Brutal AMP may be on shaky ground says lawyer
AMP is not on the firm legal ground it purports to be with respect to Buyer of Last Resort (BOLR) changes and its efforts to characterise the issues as straightforward should not be accepted at face value, according to a lawyer retained to represent a number of AMP advisers.
The lawyer, Dan Mackay of Melbourne-based Mackay Lawyers & Advisers, has written an analysis of the BOLR situation which is being published in Money Management and within which he states that the manner in which AMP is acting is ‘brutal’ and where advisers are at risk of losing everything, important issues of equity arise.
“The announced changes by AMP regarding BOLR have been brutal in their potential impact upon some Advisers. It is highly likely that Advisers relied upon the security of the ‘4X’ BOLR put option when they purchased their businesses or client-books, in many cases borrowing amounts based on the 4X value,” he said.
“The stark reality now, is that AMP’s unilateral revisions to the BOLR terms means Advisers may have negative equity in their businesses against their debt. Their position might be further diminished by the effect of ‘lookback’ audits, as AMP accelerates years’ worth of ‘housekeeping’ in the aftermath of the Hayne Royal Commission.”
“Often misunderstood by laypeople (and many lawyers), equity is law ‘through the looking glass’. It is not concerned with what contracts say so much as what people do and did. ‘Black letter’ gives way to consideration of ‘all the circumstances’, including circumstances specific to each Adviser. Fundamentally, equity is concerned by what is fair,” Mackay said.
“Assuming for a moment that AMP has the ‘black letter’ legal right to reduce the BOLR valuation metric from 4X to 2.5X, should it be allowed to do so?” he asked. “In considering this question, equity might ask: were Advisers induced by the promise and security of the 4X BOLR put option to buy AMP businesses, with loans from AMP Bank, at a price based on that 4X multiple?”
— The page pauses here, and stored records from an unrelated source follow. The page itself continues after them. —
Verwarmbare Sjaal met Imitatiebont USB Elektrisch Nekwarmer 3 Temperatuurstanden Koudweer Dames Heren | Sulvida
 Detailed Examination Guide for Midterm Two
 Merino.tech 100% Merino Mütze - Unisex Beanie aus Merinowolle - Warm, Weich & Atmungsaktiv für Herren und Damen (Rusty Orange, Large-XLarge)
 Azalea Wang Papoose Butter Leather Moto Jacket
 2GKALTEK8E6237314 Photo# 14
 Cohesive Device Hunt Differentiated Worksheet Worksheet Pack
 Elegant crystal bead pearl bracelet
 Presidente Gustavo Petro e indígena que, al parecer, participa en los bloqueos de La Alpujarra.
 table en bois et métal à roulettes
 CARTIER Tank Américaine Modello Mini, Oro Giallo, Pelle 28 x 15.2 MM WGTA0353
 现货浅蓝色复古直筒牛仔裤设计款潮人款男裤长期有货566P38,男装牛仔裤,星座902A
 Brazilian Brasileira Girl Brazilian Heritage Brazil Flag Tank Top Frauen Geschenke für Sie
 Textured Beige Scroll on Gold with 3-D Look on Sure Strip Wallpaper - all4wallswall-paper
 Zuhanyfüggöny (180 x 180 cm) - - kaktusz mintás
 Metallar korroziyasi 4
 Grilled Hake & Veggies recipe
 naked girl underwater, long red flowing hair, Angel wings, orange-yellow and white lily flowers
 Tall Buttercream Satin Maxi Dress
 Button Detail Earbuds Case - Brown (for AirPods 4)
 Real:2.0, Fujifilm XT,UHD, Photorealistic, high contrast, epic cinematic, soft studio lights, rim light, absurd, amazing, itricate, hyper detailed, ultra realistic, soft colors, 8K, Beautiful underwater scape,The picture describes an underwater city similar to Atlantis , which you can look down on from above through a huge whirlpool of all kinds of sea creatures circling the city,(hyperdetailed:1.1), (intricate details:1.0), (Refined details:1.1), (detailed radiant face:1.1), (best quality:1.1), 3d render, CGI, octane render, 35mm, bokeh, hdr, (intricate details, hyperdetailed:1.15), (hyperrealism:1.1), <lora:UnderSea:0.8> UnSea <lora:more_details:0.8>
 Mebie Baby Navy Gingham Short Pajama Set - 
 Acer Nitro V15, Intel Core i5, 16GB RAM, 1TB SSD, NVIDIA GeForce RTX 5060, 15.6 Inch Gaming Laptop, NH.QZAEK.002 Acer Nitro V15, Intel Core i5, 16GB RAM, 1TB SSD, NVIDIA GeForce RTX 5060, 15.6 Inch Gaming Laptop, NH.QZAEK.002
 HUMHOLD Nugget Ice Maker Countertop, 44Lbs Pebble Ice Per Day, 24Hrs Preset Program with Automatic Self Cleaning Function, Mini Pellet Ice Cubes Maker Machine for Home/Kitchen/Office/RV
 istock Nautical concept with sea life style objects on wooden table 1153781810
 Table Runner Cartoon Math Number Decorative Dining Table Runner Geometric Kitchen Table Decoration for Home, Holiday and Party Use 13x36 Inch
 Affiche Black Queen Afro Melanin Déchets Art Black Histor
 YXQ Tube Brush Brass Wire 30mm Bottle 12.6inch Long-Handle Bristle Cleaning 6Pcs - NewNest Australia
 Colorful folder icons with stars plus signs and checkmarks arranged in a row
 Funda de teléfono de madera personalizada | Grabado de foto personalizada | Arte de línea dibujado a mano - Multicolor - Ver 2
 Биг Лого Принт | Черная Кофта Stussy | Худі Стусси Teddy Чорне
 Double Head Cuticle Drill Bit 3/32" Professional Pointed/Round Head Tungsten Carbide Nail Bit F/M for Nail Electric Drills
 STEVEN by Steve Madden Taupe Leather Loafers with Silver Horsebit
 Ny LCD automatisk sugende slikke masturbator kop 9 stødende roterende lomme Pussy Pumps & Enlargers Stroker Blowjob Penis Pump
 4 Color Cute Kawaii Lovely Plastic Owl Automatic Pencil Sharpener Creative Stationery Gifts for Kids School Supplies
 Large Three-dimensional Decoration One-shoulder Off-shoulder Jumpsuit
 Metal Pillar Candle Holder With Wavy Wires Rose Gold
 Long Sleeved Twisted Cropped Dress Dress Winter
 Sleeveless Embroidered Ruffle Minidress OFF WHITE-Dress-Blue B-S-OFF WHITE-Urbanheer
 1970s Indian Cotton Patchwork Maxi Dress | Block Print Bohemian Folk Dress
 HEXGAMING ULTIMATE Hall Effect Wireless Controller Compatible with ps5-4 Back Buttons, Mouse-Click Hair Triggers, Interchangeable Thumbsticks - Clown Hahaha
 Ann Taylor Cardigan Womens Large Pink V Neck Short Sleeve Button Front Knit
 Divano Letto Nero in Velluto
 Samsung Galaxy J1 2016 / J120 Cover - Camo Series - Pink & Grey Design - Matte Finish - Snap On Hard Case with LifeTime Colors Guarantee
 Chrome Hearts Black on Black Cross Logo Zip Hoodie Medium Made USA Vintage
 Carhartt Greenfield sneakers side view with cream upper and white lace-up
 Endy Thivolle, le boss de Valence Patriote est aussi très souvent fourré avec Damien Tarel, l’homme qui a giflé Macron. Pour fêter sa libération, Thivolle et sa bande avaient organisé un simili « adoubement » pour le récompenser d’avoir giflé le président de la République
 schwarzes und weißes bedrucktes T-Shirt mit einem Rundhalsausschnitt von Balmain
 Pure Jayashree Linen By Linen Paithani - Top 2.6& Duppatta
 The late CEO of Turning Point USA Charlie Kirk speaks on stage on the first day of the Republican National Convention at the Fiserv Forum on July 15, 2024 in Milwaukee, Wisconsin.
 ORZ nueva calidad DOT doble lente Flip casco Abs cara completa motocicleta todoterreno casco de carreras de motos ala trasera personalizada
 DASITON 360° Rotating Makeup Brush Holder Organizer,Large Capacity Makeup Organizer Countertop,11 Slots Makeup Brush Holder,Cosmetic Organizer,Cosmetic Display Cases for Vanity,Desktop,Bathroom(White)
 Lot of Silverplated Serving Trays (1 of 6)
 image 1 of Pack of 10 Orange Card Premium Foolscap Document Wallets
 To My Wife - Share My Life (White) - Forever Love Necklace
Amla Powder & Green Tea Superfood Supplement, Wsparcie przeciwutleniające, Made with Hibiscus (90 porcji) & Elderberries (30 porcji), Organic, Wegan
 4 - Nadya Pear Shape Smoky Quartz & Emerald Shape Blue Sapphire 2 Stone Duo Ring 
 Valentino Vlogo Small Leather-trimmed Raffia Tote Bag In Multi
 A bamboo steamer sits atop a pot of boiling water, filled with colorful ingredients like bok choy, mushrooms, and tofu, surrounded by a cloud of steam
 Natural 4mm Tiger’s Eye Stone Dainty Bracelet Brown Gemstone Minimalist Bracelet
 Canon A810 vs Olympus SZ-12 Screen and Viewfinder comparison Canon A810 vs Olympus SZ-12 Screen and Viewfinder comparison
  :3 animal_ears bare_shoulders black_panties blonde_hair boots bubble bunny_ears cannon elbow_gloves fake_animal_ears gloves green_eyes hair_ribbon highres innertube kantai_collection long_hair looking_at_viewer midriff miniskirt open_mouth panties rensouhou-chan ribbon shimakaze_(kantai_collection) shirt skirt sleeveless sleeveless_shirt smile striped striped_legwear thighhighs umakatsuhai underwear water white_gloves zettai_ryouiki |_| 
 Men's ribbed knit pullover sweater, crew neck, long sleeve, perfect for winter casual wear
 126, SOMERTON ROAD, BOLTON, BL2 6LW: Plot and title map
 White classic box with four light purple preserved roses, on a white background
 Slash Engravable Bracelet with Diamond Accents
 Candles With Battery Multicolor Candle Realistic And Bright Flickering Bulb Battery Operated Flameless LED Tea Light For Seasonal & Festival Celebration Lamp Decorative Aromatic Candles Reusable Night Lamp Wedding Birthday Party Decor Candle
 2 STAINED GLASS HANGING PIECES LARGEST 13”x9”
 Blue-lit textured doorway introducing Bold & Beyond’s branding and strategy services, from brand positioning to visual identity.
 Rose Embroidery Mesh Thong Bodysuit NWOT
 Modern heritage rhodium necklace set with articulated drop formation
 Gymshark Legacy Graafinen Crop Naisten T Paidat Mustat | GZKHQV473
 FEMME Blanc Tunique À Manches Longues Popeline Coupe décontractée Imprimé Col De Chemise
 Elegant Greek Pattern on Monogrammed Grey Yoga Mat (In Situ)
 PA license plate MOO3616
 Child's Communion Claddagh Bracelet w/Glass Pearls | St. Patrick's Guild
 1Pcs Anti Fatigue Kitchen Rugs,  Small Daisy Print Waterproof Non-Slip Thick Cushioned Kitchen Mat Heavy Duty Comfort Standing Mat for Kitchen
“If AMP says that practices are now worth less because they are riddled with compliance issues, should AMP have discovered and addressed them before a Royal Commission did? Should AMP have made these risks clearer to Advisers earlier, even if it risked lessening AMP’s profits from them? If AMP Advisers now risk losing everything because of changes to the BOLR policy, and AMP might profit from these changes, in all these circumstances, should AMP be allowed to rely on the changes to BOLR?”